- **Assigned task**:
Give the entries again exactly; drop the pictures.

━━━━━━━━

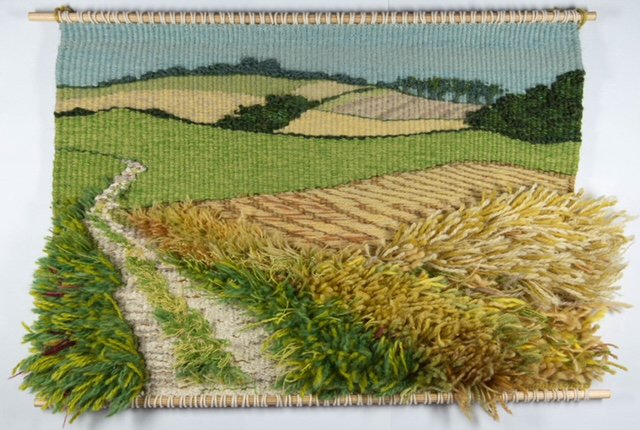 Jane Browne, Summer Fields Crondall, tapestry.jpg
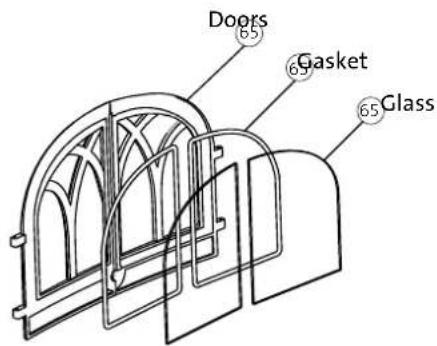 Doors Gasket Glass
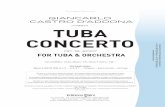 (*1980) TUBA CONCERTO - Amazon S3...Study score & solo tuba part available - Partition d'étude + tuba solo en vente - Studienpartitur & Solotuba käuflich: Ref. TU186d Giancarlo Castro
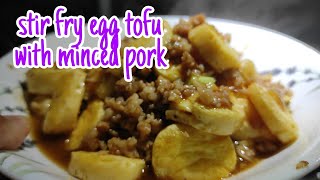 Egg Tofu recipe/Chinese recipe/#eggtofu #chinesefood - by leah vlog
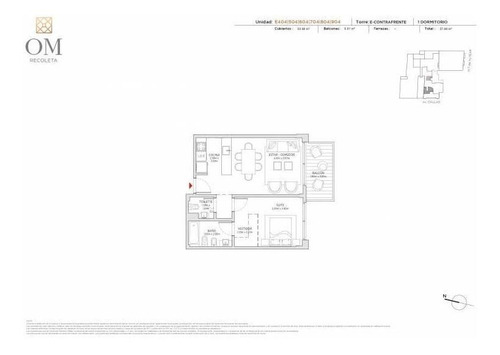 Imagen 8 de 18 de Venta 2 Ambientes En Om Callao - Recoleta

━━━━━━━━

- **Worked solution**:
 Jane Browne, Summer Fields Crondall, tapestry.jpg
 Doors Gasket Glass
 (*1980) TUBA CONCERTO - Amazon S3...Study score & solo tuba part available - Partition d'étude + tuba solo en vente - Studienpartitur & Solotuba käuflich: Ref. TU186d Giancarlo Castro
 Egg Tofu recipe/Chinese recipe/#eggtofu #chinesefood - by leah vlog
 Imagen 8 de 18 de Venta 2 Ambientes En Om Callao - Recoleta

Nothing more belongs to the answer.